Under an initiative proposed by members of the private, nonprofit Carroll County Land Trust, the county would give a farmers property tax credits for the land on which their houses sit. The initiative would complement a state program that offers property tax credits to landowners who donate their development rights. The Maryland Environmental Trust offers the tax write-off for farmland, but does not give credits for the land on which the farmer lives.
"We're not under any illusions," said Ned Cueman, easement coordinator for the land trust, which helps preserve farmland and open space. "We know this will cost the county money in withheld tax revenue, but we believe it would have a terrific payout."
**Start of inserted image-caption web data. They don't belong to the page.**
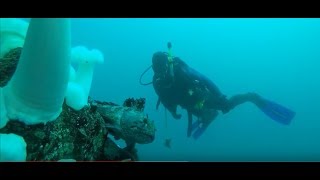 metridium fields dive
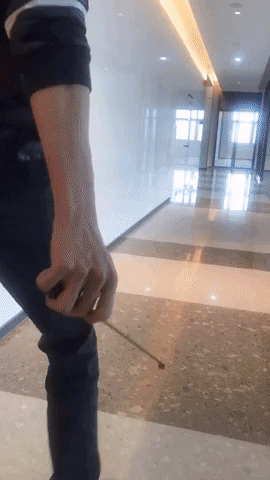 Animated GIF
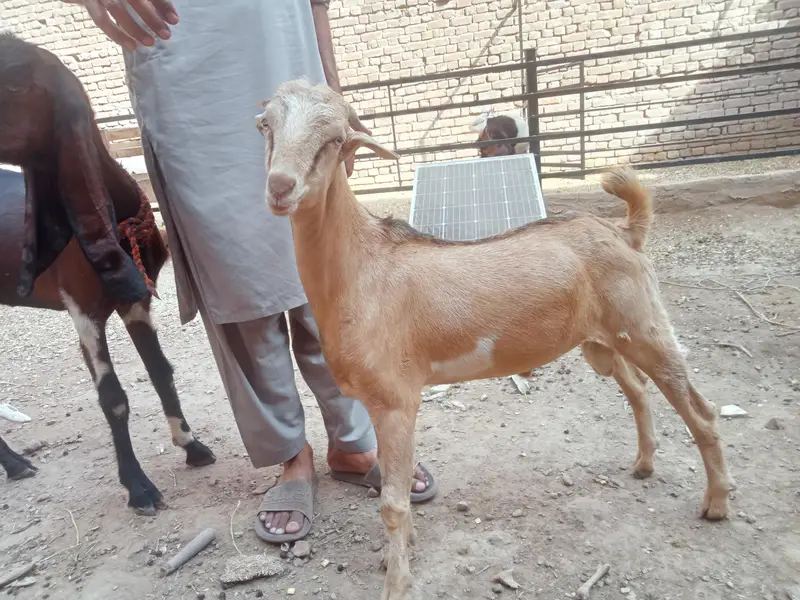 berbari bakra active and healthy — photo 2
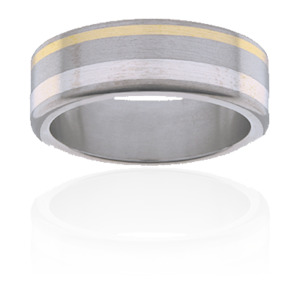 Titanium Silver and 9ct Yellow Gold Ring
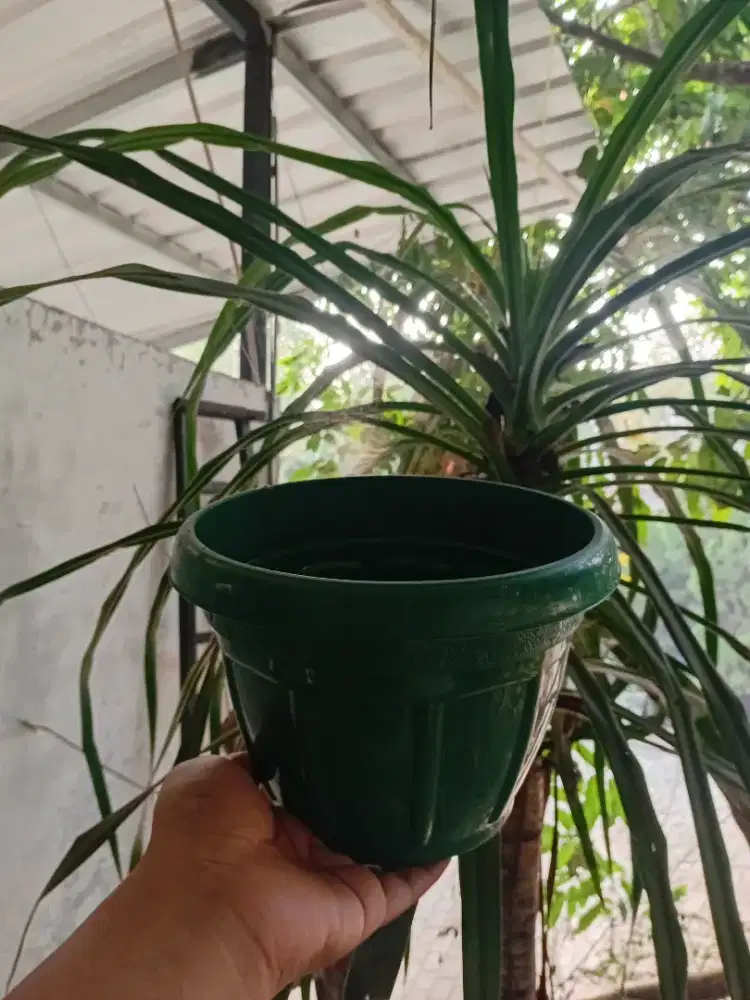 Pot wadah tanaman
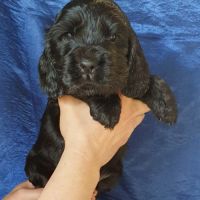 Chiots cocker anglais lof à réserver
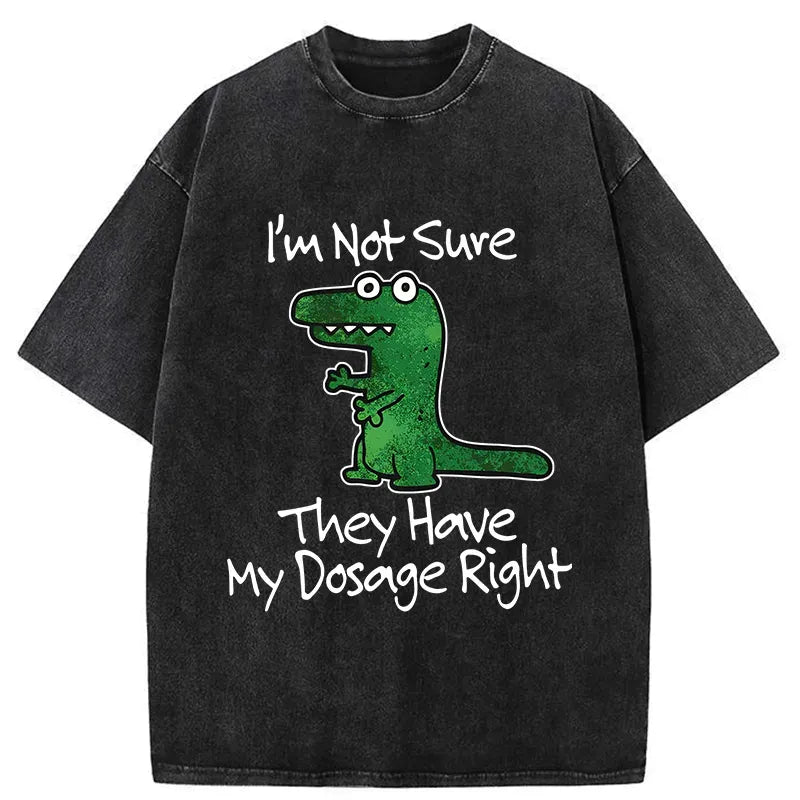 sarcastic dinosaur meme washed t-shirt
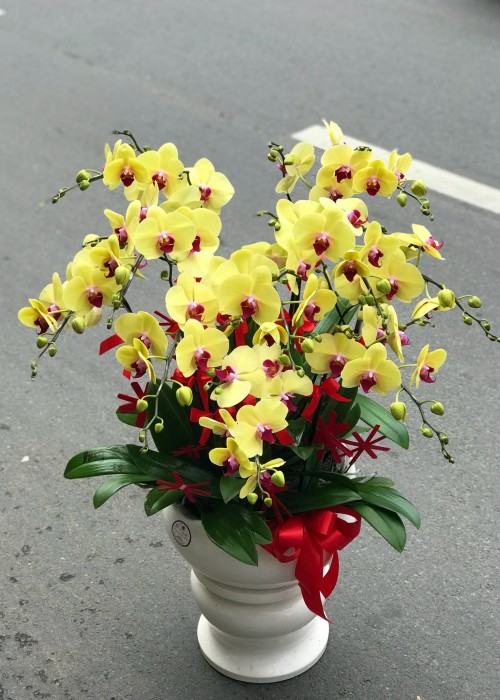 Chậu lan hồ điệp vàng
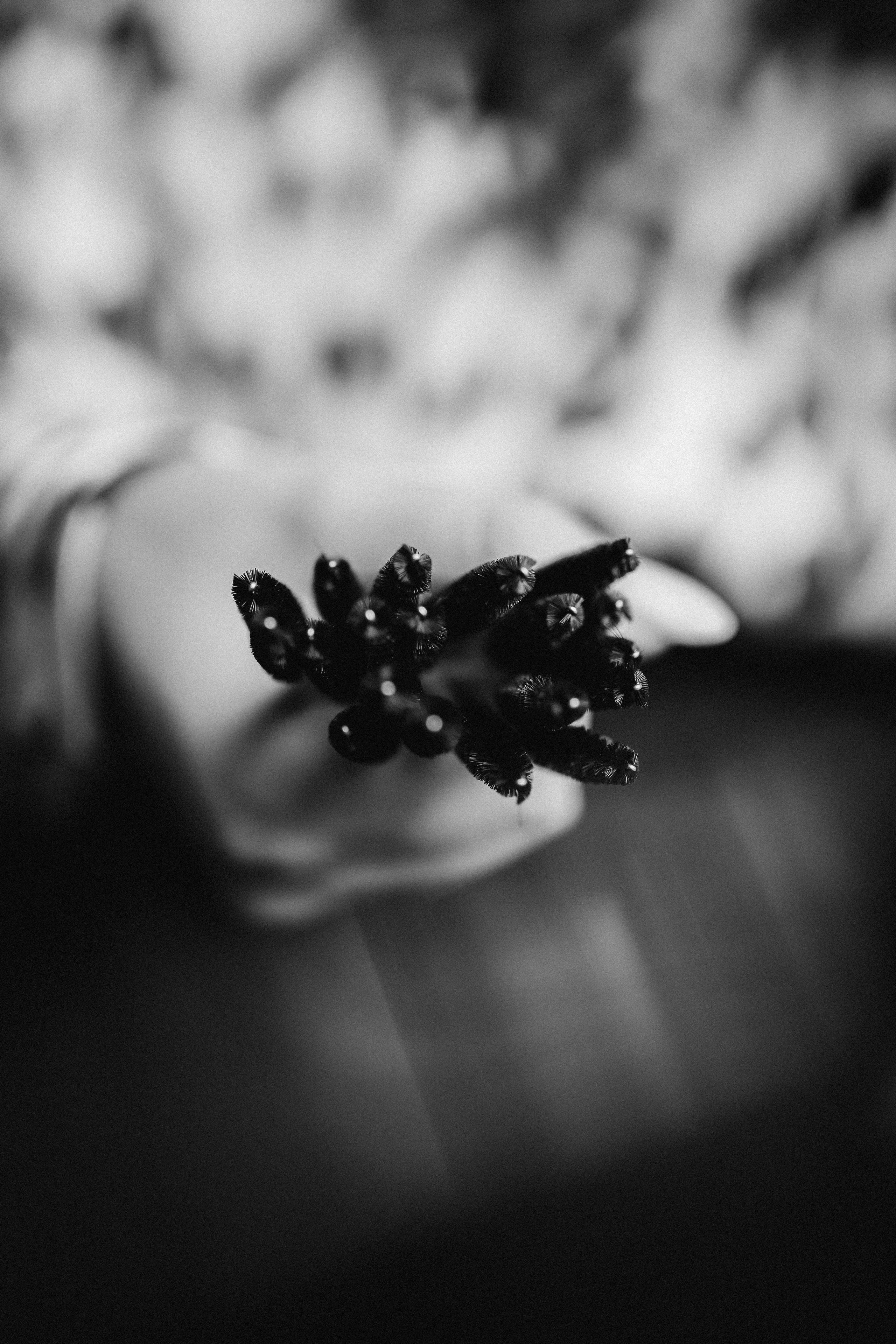 Эля. Лешмейкер. Фотограф НОГИНСК, Москва, Анастасия Белая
The county has about 300,000 acres of farmland and has set a goal of preserving at least one-third of that by 2020. Since 1978, when Carroll began protecting farmland from development, the county has preserved about 34,000 acres.
The tax credit proposal presented to the Board of County Commissioners yesterday would help local officials meet their goal, Cueman said, by making the donation of development rights - known as conservation easements - a more attractive option for farmers. The program would be voluntary.
Under the proposal, farmers would receive a tax credit of up to $50 per acre, each year for 15 years, if they donate their easements to the Carroll County Land Trust in perpetuity.